Ben herşeyi annemle birlikte yapmak istedim. İtiraf edeyim ortam bana o kadar neşeli ve çekici geldi ki, yemek vakitlerimi restoranda oyalanarak geçirmek istemedim. Annem beni ne zaman restorana götürse yemeklerimi yemiyor onu elinden tutup oyun parkına doğru çekiyordum. Hal böyle olunca annem de çareyi yemeklerimi oyun salonunda yediremekte buldu. Tıpkı diğer anneler ve babalar gibi :) Annemin tatilinin büyük bir bölümü elinde tabak, benim peşimde dolaşarak geçti özetle.

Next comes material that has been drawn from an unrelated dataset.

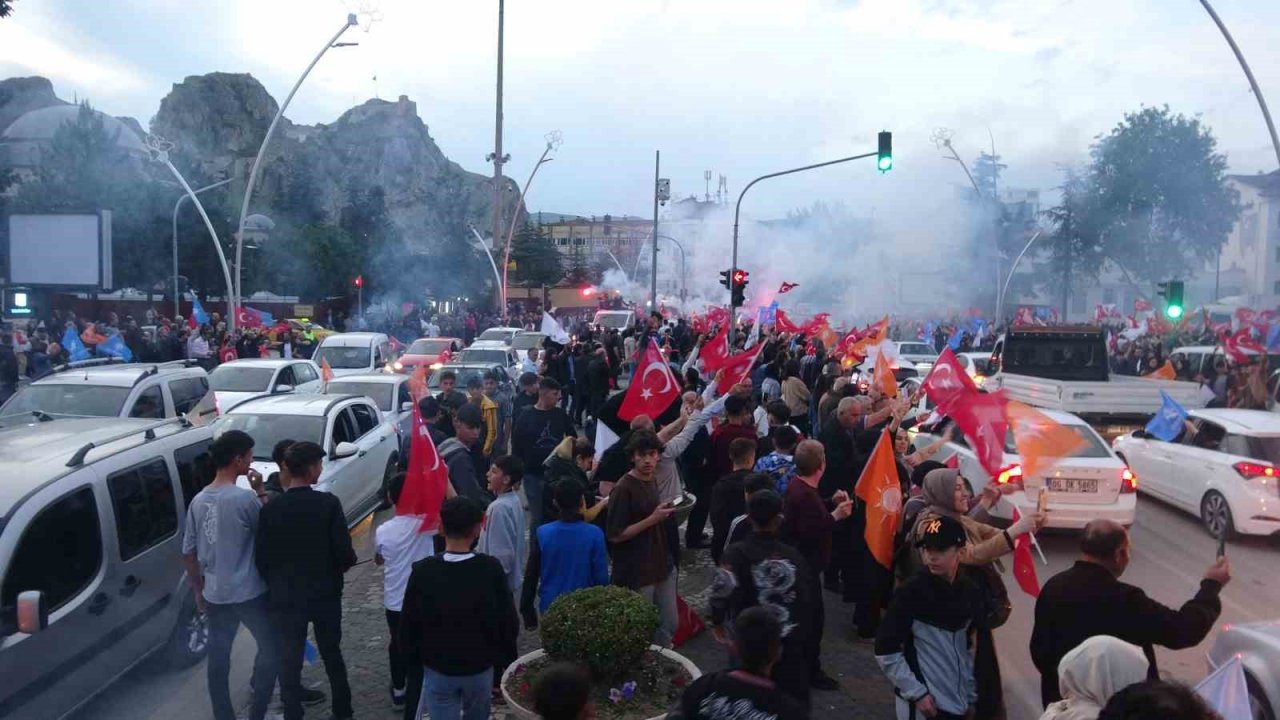 Tokat’ta vatandaşlar seçim sonucunu kutlandı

Tatilde annemin kucağından hiç inmedim. Yürümek yerine onun beni kucağında taşımasını ve bu esnada bol bol öpüşmemizi tercih ettim. Bir de uyku düzenim var. Evden nevresimimi yanımızda götürmüştük. Ben yerimi yadırgamayayım diye anneannem bunu akıl etmiş ve de oteldeki yastığa bu nevresimi geçirmişti. Böylece otelde bana verilen bebek yatağını yadırgamadan uslu uslu kendi kendime uyumaya devam ettim tatilde de. Açıkhavadan mıdır denizde yorulmaktan mıdır bilinmez uykularım gün içerisinde 2 seferde toplam 4 saati buluyordu. Ben uyku için odaya yine annemle gidiyor ve sadece onu yanımda istiyordum. Böylece annem için bu tatil yemek tabağından sonra biraz da odada ben uyurken beklemece oldu diyebiliriz.

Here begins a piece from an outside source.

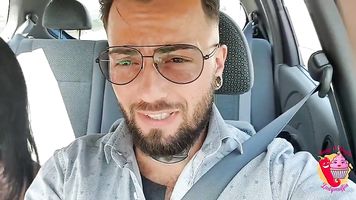 Milf consigue follada en la carretera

En keyifli anlarımız ise deniz kenarındakilerdi bence. Akşam saatlerinde güneş etkisini azalttığı zamanlarda, yani ben 2. uykumdan kalkar kalkmaz, üçümüz plaja gidiyor ve birlikte denize giriyorduk. Genelde yüzmeyi anneannem ile yapıyordum ama. Beni kollarımdan tutuyordu, ayaklarım arkada kalıyordu, ben ayaklarımı ve de ellerimi çırpıyordum. Bu sırada üçümüz de bağıra bağıra "kırmızı balık gölde, kıvrıla kıvrıla yüzüyor..." diye şarkı söylüyorduk. Denizden hiç korkmadım. Hiç ağlamadım. Suyun içinde çok mutlu oldum. Annem buna çok sevindi.
Annem başka davranışlarıma da çok sevindi. Mesela hiç yabanilik yapmadım. Hemen hemen herkese gülen yüzümle selamlar verdim, yemek yerlerken masalarına gittim. Tüm bebekleri sevdim ve anneme "dedek" diyerek gösterdim hepsini, Nil ve eniştesi Murat amca ile oynadım. İnsanlardan çekinmemem ve hep güler yüzlü olmam çok sevindirdi annemi.
Tatilde bir de dilim açıldı ki sormayın. Önce Nil in adını seslendim. Sonra Nil'in halası ve Murat amca nın eşi Arzu ablanınkini.. Ardından anneme yağdırdığım emir kipleri daha da belirginleşti ve keskinleşti. "Anne kalk, anne otur, anne ver, anne gel..." şeklindeki ricalarıma (!) en son "anne çek" i eklemiş oldum. Çek demek çekil demek :)
Daha ne maceralarım var anlat anlat bitmez ama son gün tur şirketinin hataları yüzünden biraz tatsız geçti. Saat 15:00 te bizi alması gereken otobüs gelmedi. 18:00 de gelen otobüste de bize yer ayrılmamıştı. Mecburen gece 24:00 teki otobüs ile dönmek durumunda kaldık. Oldukça keyifsizken Oğuz amcam ve de Eray teyzem yetişti imdadımıza. Bizi gelip otelden aldılar ve de hep birlikte Oğuz amcamların annelerinin evine gittik. Semoşla Necoş'u da görmüş olduk. Necoş bana kukla oynattı, bir de hop tek hop tek şarkı çaldı, ben de oynadım bir güzel..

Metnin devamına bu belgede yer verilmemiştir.